Task requirements >>
A line below contains "ARDEBO.de Paul Neuhaus", and a later one contains "Red Cardigan". Repeat both, with every line between them, exactly.

Data for the task >>
★ ★ ★
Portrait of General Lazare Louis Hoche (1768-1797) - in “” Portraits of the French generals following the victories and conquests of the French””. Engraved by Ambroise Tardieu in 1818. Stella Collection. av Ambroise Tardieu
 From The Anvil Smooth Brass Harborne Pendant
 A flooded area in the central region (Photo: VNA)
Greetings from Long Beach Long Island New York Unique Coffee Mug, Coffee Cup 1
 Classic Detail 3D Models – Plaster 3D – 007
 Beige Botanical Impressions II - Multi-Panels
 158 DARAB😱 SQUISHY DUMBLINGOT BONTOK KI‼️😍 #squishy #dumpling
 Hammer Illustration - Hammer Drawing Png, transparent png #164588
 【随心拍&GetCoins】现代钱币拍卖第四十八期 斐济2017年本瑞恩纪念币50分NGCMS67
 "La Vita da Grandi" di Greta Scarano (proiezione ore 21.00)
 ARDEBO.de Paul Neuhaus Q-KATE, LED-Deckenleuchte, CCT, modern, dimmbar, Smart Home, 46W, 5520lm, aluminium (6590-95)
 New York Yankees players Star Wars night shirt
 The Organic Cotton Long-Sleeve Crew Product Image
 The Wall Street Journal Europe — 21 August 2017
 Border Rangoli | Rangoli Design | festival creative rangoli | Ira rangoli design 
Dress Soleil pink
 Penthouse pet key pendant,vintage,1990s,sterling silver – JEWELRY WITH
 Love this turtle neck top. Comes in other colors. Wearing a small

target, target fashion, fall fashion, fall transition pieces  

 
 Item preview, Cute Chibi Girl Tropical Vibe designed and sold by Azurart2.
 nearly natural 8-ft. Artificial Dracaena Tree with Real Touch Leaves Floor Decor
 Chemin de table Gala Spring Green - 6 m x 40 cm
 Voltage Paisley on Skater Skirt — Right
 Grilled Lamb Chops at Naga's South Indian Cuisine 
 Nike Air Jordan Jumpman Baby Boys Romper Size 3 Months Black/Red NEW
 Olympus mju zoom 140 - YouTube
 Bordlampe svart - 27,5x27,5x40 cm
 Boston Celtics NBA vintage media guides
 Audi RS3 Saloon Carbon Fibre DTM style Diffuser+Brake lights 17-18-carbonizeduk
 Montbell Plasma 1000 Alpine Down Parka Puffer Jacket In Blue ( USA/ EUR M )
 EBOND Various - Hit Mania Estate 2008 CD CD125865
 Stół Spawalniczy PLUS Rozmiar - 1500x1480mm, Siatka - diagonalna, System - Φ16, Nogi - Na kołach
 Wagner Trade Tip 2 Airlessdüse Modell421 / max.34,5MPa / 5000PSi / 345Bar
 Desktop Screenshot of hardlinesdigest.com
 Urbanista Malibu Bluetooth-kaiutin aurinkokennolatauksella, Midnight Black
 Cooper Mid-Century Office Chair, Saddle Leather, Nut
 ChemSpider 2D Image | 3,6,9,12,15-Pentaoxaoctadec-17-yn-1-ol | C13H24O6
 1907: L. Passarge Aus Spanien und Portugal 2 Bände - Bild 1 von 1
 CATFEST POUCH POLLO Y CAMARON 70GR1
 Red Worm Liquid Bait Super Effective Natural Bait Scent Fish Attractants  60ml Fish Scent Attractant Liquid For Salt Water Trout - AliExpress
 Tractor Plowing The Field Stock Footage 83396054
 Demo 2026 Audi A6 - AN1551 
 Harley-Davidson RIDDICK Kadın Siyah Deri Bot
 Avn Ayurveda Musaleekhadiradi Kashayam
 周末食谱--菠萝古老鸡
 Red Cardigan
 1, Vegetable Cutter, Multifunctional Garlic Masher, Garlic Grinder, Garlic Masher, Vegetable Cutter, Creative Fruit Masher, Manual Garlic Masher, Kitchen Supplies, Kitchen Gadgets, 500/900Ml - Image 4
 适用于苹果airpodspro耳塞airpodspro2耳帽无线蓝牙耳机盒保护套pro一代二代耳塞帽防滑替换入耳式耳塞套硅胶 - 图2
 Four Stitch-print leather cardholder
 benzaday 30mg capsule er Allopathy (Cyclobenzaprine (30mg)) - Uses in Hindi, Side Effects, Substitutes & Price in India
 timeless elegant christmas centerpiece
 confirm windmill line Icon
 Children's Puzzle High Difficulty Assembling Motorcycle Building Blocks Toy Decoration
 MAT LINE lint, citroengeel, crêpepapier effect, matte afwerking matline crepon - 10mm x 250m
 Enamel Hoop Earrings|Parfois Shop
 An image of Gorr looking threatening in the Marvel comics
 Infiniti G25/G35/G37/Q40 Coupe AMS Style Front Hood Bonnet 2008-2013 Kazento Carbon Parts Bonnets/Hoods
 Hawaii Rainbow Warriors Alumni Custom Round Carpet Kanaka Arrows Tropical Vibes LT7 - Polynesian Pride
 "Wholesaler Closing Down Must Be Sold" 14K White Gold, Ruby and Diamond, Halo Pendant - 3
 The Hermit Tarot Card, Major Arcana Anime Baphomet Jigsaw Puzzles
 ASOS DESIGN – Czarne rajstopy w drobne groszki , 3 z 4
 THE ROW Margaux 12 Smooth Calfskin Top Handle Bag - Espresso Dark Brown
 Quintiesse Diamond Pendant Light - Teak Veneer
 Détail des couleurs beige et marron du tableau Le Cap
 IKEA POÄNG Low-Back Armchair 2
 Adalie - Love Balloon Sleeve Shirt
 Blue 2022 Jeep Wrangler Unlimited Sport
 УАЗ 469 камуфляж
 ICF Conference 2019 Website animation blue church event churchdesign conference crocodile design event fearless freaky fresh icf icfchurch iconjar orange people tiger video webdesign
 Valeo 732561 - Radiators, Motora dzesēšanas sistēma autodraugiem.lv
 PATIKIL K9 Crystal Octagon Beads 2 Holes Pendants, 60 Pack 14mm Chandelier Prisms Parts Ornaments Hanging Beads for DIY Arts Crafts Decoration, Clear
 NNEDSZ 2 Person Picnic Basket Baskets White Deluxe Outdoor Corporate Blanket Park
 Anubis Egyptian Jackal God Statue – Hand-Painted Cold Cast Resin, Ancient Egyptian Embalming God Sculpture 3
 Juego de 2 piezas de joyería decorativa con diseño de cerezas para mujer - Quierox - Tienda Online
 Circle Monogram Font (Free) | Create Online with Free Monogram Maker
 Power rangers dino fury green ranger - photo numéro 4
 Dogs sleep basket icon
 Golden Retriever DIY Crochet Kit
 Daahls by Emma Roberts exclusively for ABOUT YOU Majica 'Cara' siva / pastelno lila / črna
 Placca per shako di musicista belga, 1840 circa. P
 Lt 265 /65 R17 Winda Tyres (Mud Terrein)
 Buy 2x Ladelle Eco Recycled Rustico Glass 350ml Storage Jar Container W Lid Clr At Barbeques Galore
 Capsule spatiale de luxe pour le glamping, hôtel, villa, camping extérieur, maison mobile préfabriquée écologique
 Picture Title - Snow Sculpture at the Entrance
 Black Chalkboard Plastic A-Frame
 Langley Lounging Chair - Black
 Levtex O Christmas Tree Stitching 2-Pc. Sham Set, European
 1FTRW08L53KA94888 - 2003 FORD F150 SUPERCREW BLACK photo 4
★ ★ ★
Exercise result >>
 ARDEBO.de Paul Neuhaus Q-KATE, LED-Deckenleuchte, CCT, modern, dimmbar, Smart Home, 46W, 5520lm, aluminium (6590-95)
 New York Yankees players Star Wars night shirt
 The Organic Cotton Long-Sleeve Crew Product Image
 The Wall Street Journal Europe — 21 August 2017
 Border Rangoli | Rangoli Design | festival creative rangoli | Ira rangoli design 
Dress Soleil pink
 Penthouse pet key pendant,vintage,1990s,sterling silver – JEWELRY WITH
 Love this turtle neck top. Comes in other colors. Wearing a small

target, target fashion, fall fashion, fall transition pieces  

 
 Item preview, Cute Chibi Girl Tropical Vibe designed and sold by Azurart2.
 nearly natural 8-ft. Artificial Dracaena Tree with Real Touch Leaves Floor Decor
 Chemin de table Gala Spring Green - 6 m x 40 cm
 Voltage Paisley on Skater Skirt — Right
 Grilled Lamb Chops at Naga's South Indian Cuisine 
 Nike Air Jordan Jumpman Baby Boys Romper Size 3 Months Black/Red NEW
 Olympus mju zoom 140 - YouTube
 Bordlampe svart - 27,5x27,5x40 cm
 Boston Celtics NBA vintage media guides
 Audi RS3 Saloon Carbon Fibre DTM style Diffuser+Brake lights 17-18-carbonizeduk
 Montbell Plasma 1000 Alpine Down Parka Puffer Jacket In Blue ( USA/ EUR M )
 EBOND Various - Hit Mania Estate 2008 CD CD125865
 Stół Spawalniczy PLUS Rozmiar - 1500x1480mm, Siatka - diagonalna, System - Φ16, Nogi - Na kołach
 Wagner Trade Tip 2 Airlessdüse Modell421 / max.34,5MPa / 5000PSi / 345Bar
 Desktop Screenshot of hardlinesdigest.com
 Urbanista Malibu Bluetooth-kaiutin aurinkokennolatauksella, Midnight Black
 Cooper Mid-Century Office Chair, Saddle Leather, Nut
 ChemSpider 2D Image | 3,6,9,12,15-Pentaoxaoctadec-17-yn-1-ol | C13H24O6
 1907: L. Passarge Aus Spanien und Portugal 2 Bände - Bild 1 von 1
 CATFEST POUCH POLLO Y CAMARON 70GR1
 Red Worm Liquid Bait Super Effective Natural Bait Scent Fish Attractants  60ml Fish Scent Attractant Liquid For Salt Water Trout - AliExpress
 Tractor Plowing The Field Stock Footage 83396054
 Demo 2026 Audi A6 - AN1551 
 Harley-Davidson RIDDICK Kadın Siyah Deri Bot
 Avn Ayurveda Musaleekhadiradi Kashayam
 周末食谱--菠萝古老鸡
 Red Cardigan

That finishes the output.